Independentemente da natureza líquida ou sólida do medo; de sua origem; do trânsito das emoções que ele pode gerar, creio que nunca devemos nos esquecer de seu caráter dual: ele pode nos estagnar ou nos impulsionar.
Estagnamos diante do medo quando nos deixamos sugar por problemas sobre os quais não temos controle. Por outro lado, creio que nos motivamos a enfrentar as causas do medo quando são geradas por fontes que nos sejam controláveis. Talvez, aprendamos a lidar com nossos medos quando conseguirmos discernir os fatores externos incontroláveis (em nosso próprio ambiente) e os fatores internos controláveis (em nossa psique).
Em seu vídeo intitulado Controle e Escolhas, o Prof. Pedro Calabrez (mencionado frequentemente em meus textos) discorre sobre Controle e Escolhas.

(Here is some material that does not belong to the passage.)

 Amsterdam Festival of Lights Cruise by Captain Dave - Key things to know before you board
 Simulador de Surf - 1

Creio que o pensamento estoico, apresentado pelo professor, possa nos inspirar a lidar com nossos medos:
A principal tarefa na vida é simplesmente esta: identificar e separar questões de modo que eu possa dizer claramente para mim mesmo quais são externas, fora do meu controle, e quais têm a ver com as escolhas sobre as quais eu, de fato, tenho controle.

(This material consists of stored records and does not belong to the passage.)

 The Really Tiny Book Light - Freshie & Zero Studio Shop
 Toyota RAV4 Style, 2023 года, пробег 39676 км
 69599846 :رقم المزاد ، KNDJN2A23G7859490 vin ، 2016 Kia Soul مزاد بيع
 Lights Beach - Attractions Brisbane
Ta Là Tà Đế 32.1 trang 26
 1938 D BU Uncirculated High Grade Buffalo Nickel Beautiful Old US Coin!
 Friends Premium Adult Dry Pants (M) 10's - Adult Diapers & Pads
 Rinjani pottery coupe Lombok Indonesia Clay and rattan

Se eu pudesse listar algumas recomendações, ao concluir este texto, elencaria: (1ª.) avalie, lucidamente, qual é a real fonte de seus medos; (2ª.) tenha sensatez para não permitir que o medo crie ameaças falsas; (3ª.) seja capaz de identificar se as causas do medo são de fontes controláveis ou não; (4ª.) demonstre lisura suficiente para não culpar ninguém pelos medos que foram gerados por você mesmo; (5ª.) atue de forma contumaz sobre as causas controláveis de seus medos; (6ª.) desapegue-se rapidamente de ideias ameaçadoras cujas origens não estão sob seu controle.

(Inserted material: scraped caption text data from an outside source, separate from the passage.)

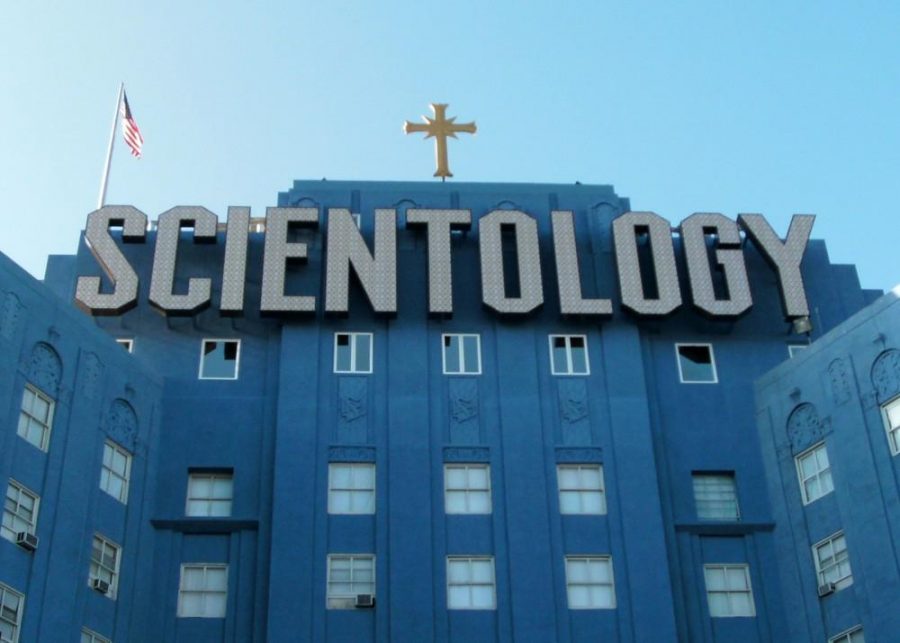 The Church of Scientology continues to grow throughout these turbulent times. 
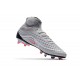 Nike Magista Obra 2 FG ACC 2017 Scarpa di Calcio Grigio Rosso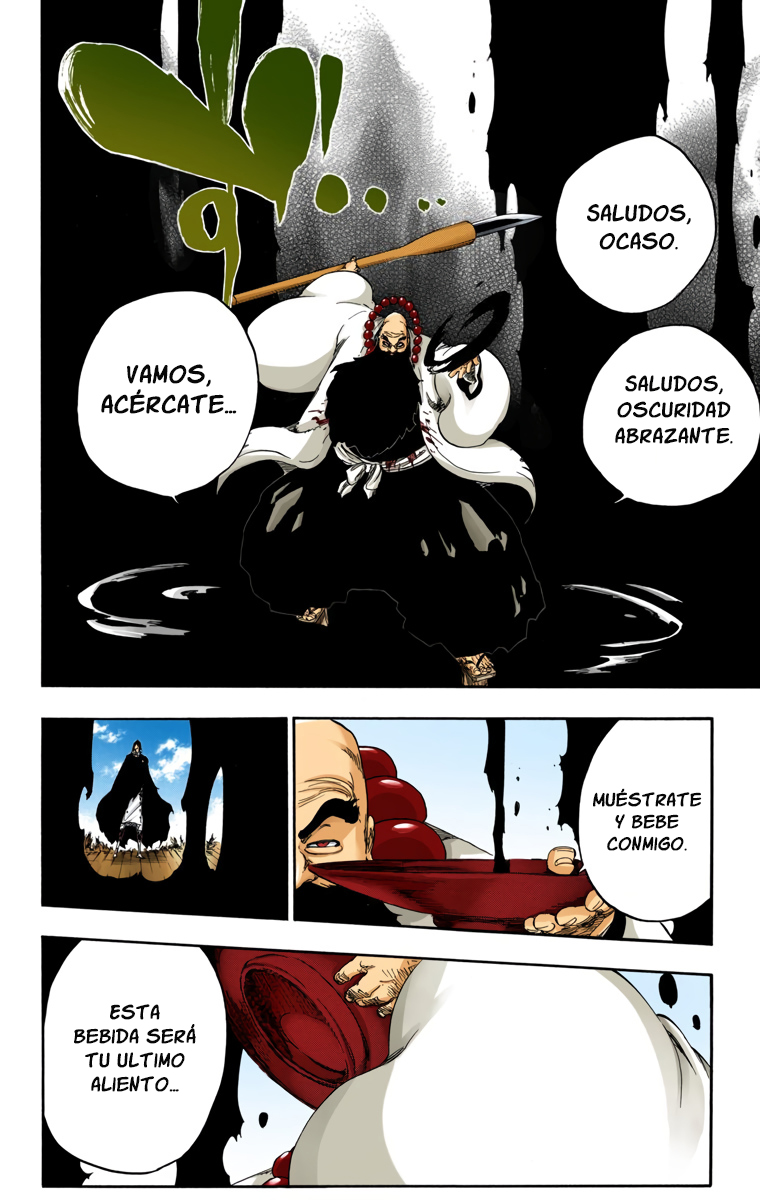 Read Bleach Full Color ES Manga Online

Se eu tivesse que fazer um alerta final, eu usaria as palavras de meu grande amigo Ruy Flávio de Oliveira:
“Entenda que o medo é uma característica evolutiva (no sentido Darwiniano do termo) desejável. Prá lá de desejável, aliás, pois foram aqueles nossos ancestrais que, ao perceber um barulho na ravina alta, ao invés de dar vazão à curiosidade, deram velocidade aos pés e saíram correndo na direção contrária. Os curiosos foram comidos pelo leão, e os medrosos viveram para passar seus genes para frente. Respeite o medo, pois ele busca te preservar, é teu amigo, e um dos mais antigos e fiéis companheiros de jornada da Humanidade.”